The Edgars were divorced on December 7, 2007 in Florida in the United States. The divorce settlement stated that “all accounts shall be changed from individual accounts to joint accounts and shall be equally owned by the parties”. The “accounts” named were seven Old Mutual retirement annuities (RAs) and one Momentum Life RA in the name of Mr Edgar and two RAs in the name of Mrs Edgar.

Mrs Edgar asked Elmarie de la Rey, the Acting Pension Funds Adjudicator, to order the Momentum RA Fund and its administrator, Momentum Group, and the South African RA Fund and its administrator, Old Mutual, to pay her share of the pension interest in terms of the court order.

The pension interest on an RA fund is the total of the amount contributed up to a certain date (in this case, the date of the divorce) plus the accumulated interest.

Old Mutual initially acknowledged that Mrs Edgar was entitled to a share of the pension interest in Mr Edgar’s RAs, but Momentum refused to acknowledge her claim.

In her ruling, De la Rey says that domicile plays an important role in deciding whether the judgment of a foreign court will be recognised in South Africa. In this case, both Mr and Mrs Edgar are domiciled in the US. “The common law procedure to have such a judgment recognised and enforced in South Africa is to bring an action in a South African court to make the foreign judgment its own,” she says.

Mrs Edgar did not apply to a South African court to have the US court order recognised and enforced in South Africa, and so the court order is unenforceable as it stands, De la Rey says.

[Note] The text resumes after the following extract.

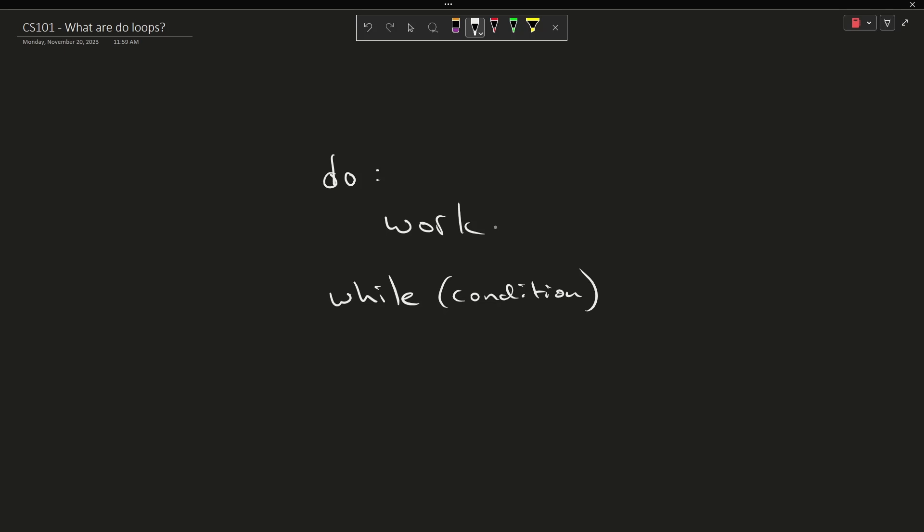Now if you've already watched the episode on while loops you'll notice that this seems backward, and the idea is that we do some kind of work while the condition is true. That means that the test happens after the first execution.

She also points out that the settlement does not use the term “pension interest” but assigns half of the “maturity value” of the RAs to Mrs Edgar.

“It is clear from the definition of pension interest that a non-member spouse is only entitled to pension interest calculated as at the date of divorce, rather than on maturity. Therefore, the relevant clause in the settlement agreement does not meet the requirements of the Divorce Act and is unenforceable,” she says.

De la Rey dismissed Mrs Edgar’s complaint.